St Helena, Ascension and Tristan da Cunha Constitution Order 2009
- Parliament of the United Kingdom
- Citation: SI 2009/1751
- Territorial extent: United Kingdom St Helena, Ascension and Tristan da Cunha

Dates
- Made: 8 July 2009
- Laid before Parliament: 15 July 2009
- Commencement: 1 September 2009; 16 years ago

Other legislation
- Repeals/revokes: St Helena Constitution Order 1988;
- Made under: Saint Helena Act 1833; British Settlements Act 1887; British Settlements Act 1945;

Status: Current legislation

Text of the St Helena, Ascension and Tristan da Cunha Constitution Order 2009 as in force today (including any amendments) within the United Kingdom, from legislation.gov.uk.

= St Helena, Ascension and Tristan da Cunha Constitution Order 2009 =

The St Helena, Ascension and Tristan da Cunha Constitution Order 2009 (SI 2009/1751) is a statutory instrument of the Parliament of the United Kingdom direct from the Privy Council of the United Kingdom that made legal provision for a new Constitution for the British Overseas Territory of St Helena, Ascension and Tristan da Cunha.

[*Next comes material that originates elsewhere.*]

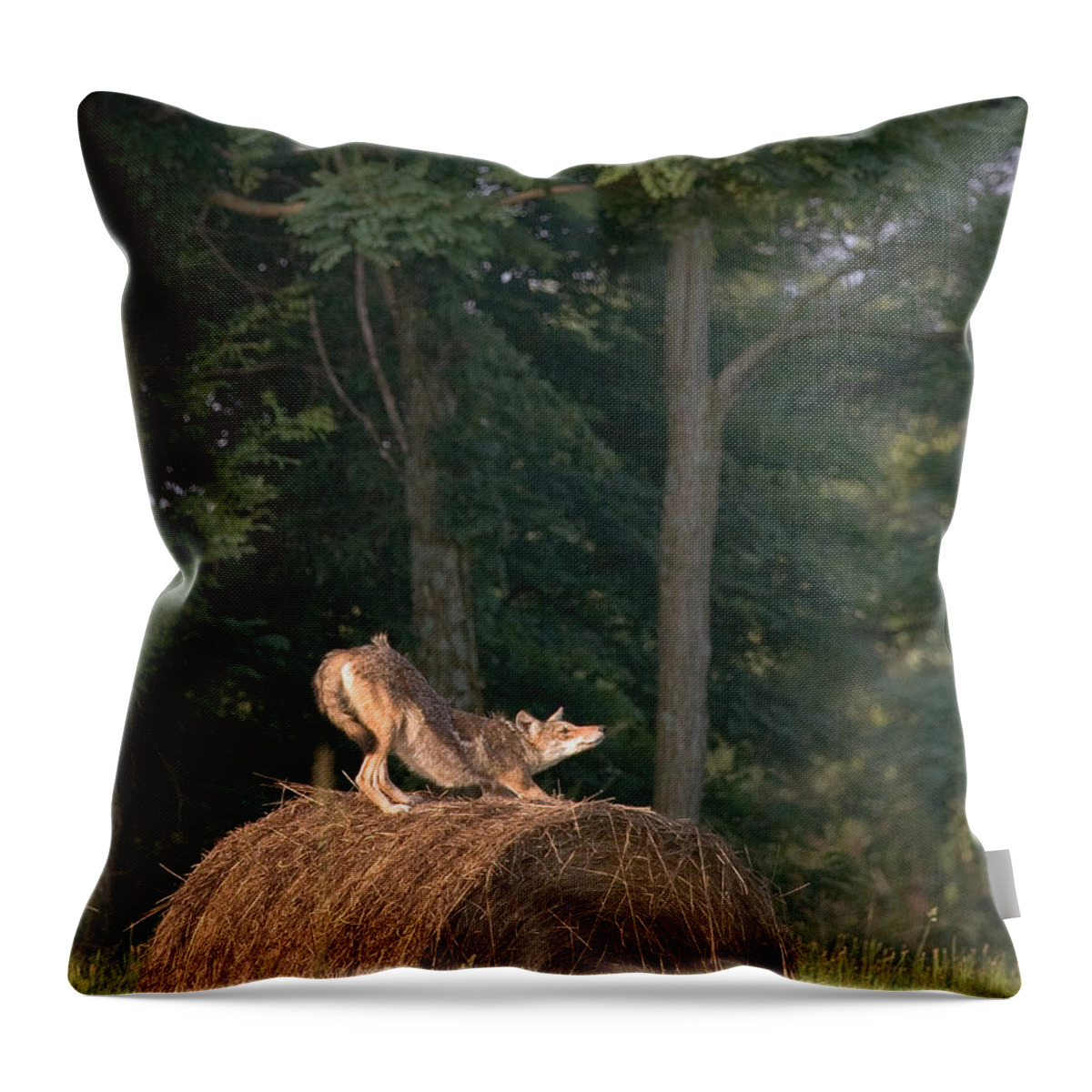 Coyote Throw Pillow featuring the photograph Coyote Stretching on Hay Bale by Michael Dougherty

Before the constitution came into force, the territory was formally known as St Helena and Dependencies under the provisions of the St. Helena Constitution Order 1988 (SI 1988/1842), which the 2009 order replaces. The new constitution gave each of the main islands equal status, ending the status of Ascension Island and Tristan da Cunha as dependencies of Saint Helena within the territory. However, it retains a single governor who is based in Jamestown, a single legal system and administrators for Ascension and Tristan da Cunha. It came into force on 1 September 2009.